Public confidence in civil servants drops, poll finds – but they're still more trusted than ministers

Ipsos Mori research shows a drop in trust of  politicians, ministers, business leaders, charity leaders, and the ordinary man in the street


By Suzannah Brecknell

06 Dec 2016

Image by Steph Gray, licensed under Creative Commons

Public trust in civil servants fell by three percentage points in 2016, according to the latest research from Ipsos Mori, though officials are still significantly more trusted than politicians and MPs.

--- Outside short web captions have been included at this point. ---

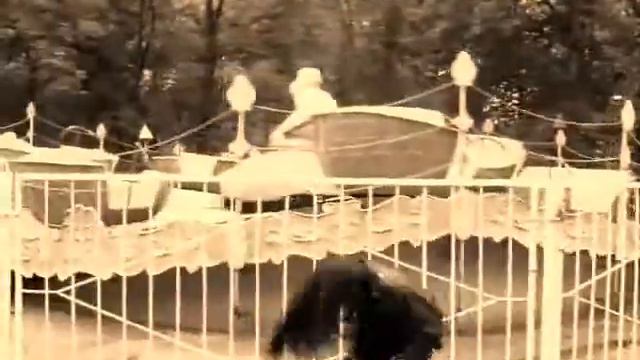 Ode To Black Metal смотреть онлайн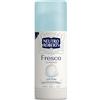 NEUTRO ROBERTS Deodorante Stick Fresco Zero Sali di Alluminio Zero Macchie Con 40 g Classico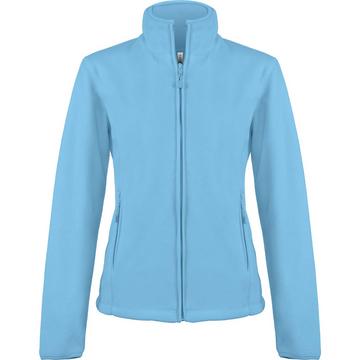 veste micropoaire maureen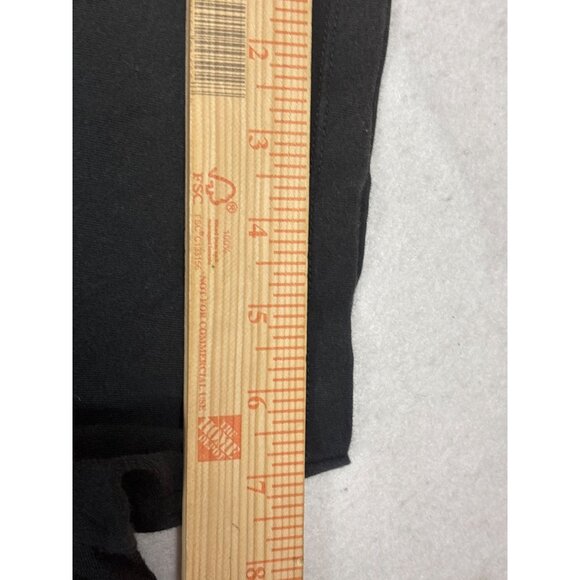 Vans "Off The Wall" Black T-Shirt For Men Size X-Large - Picture 6 of 11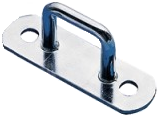 Small Strap Staple.jpg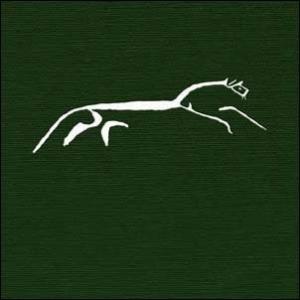 XTC English Settlement＜限定盤＞ LP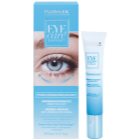 FlosLek Laboratorium Eye Care Expert Augencreme gegen Falten und dunkle Augenringe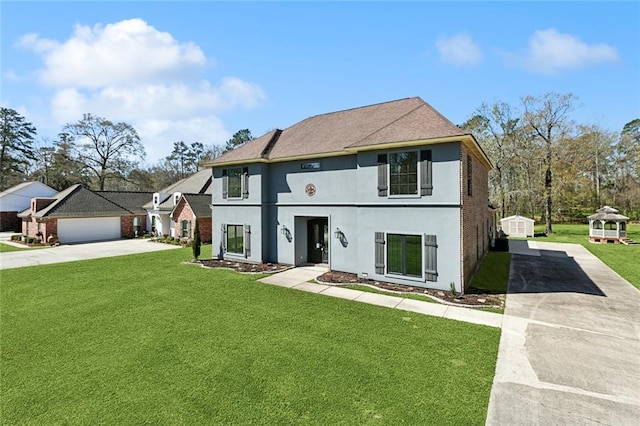 13958 Guy St, Walker, LA 70785 - photo 2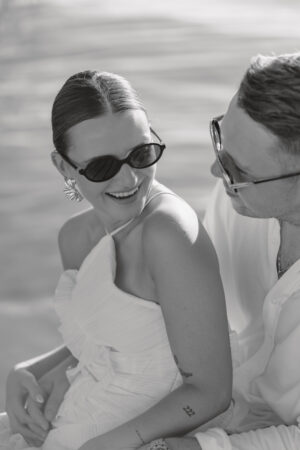 Lago di Garda Wedding Photography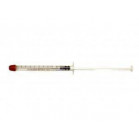 Смазка силиконовая для термопленок для KYOCERA, RICOH 1мл, CET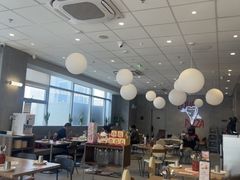-必胜客(大观天地店)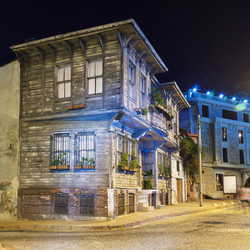 Similar image 11428650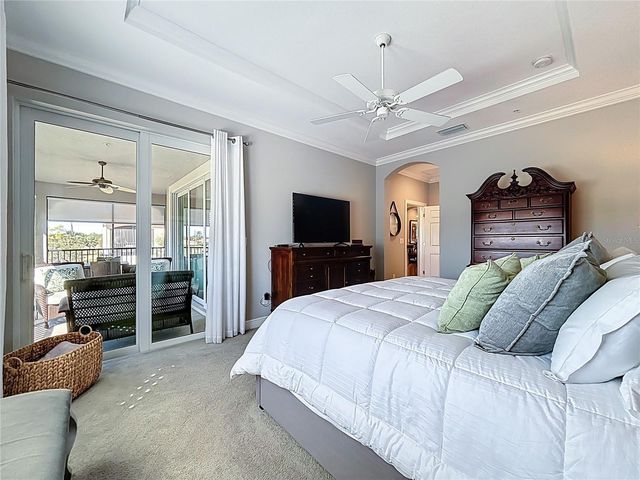 202 BELLA VISTA TERRACE D, North Venice, FL 34275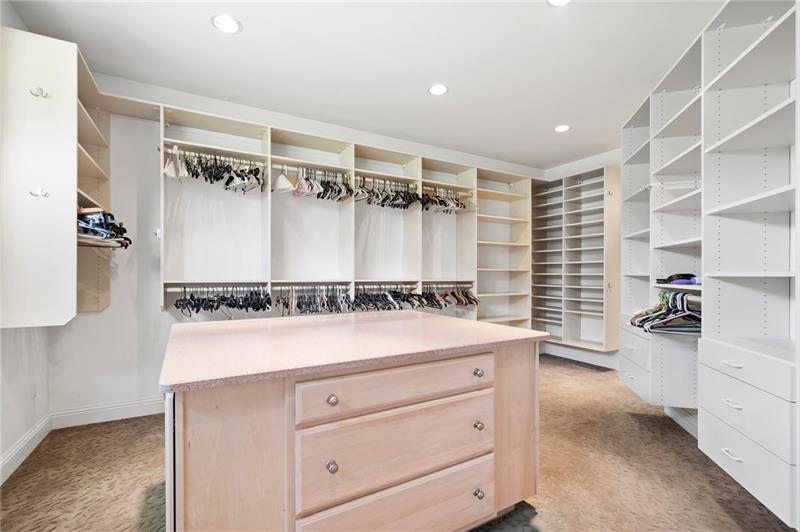 470 Parkview Road Rostraver Township, PA 15089 - Photo 19 of 25 Gallery Image 19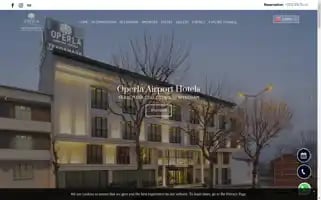 Operlahotels.com Screenshot 2024-04-14 12:52:07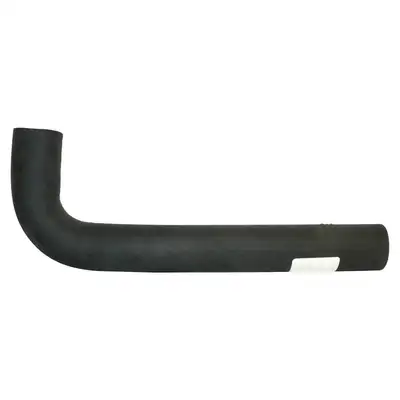 Crown Automotive Jeep Replacement Crown Automotive Jeep Replacement J5364659 Upper (Inlet) Radiator Hose for 1983-1986 Jeep CJ-5, CJ-7, CJ-8 w/ AMC 2.5L Eng.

Each year the polling company asks members of the public whether they generally trust certain professions to tell the truth. Just over half – 56% – of respondents said they trust civil servants to tell the truth, down from 59% last year. That compares to 20% who trusted ministers and 15% who trusted politicians.

Civil servants were seen as more credible than journalists, business leaders and local councillors, but less trustworthy than hairdressers, the police, television news readers, and the ordinary man in the street.


Trust in civil servants rises again — poll
Trust in civil servants rising; politicians least trusted group


Trust in the honesty of civil servants has been rising over time, and despite this year's dip still remains higher than when the research began in 1983. Then, only 25% of the public said they trusted civil servants to tell the truth and 63% said they distrusted civil servants.

Despite the long-term positive trend, civil servants should not be complacent about public trust, says Ipsos Mori's head of political research Gideon Skinner.

"Even though overall the long term trend is positive, there are by no means high levels of trust among every group of society," he told CSW.  "There are still a few groups beyond the young, graduates and middle classes who are less trusting of the civil service."

"Baby boomers are not hugely more positive than they were in 1997, but each successive generation is  more trusting of civil servants" – Gideon Skinner, Ipsos Mori

Levels of trust in the civil service are higher among younger respondents, particularly those in so-called Generation Y – those born between 1980 to 2000. Among this group 69% said they thought civil servants would tell the truth, compared to 43% of baby-boomers (born between 1946 and 1964).

Skinner says that previous Ipsos Mori research, conducted in 2013, suggests lower levels of trust among older people does not seem to be caused by growing cynicism as people age, but rather by changing attitudes among younger generations.

"Baby boomers are not hugely more positive than they were in 1997, but each successive generation is  more trusting [of civil servants]," he explained.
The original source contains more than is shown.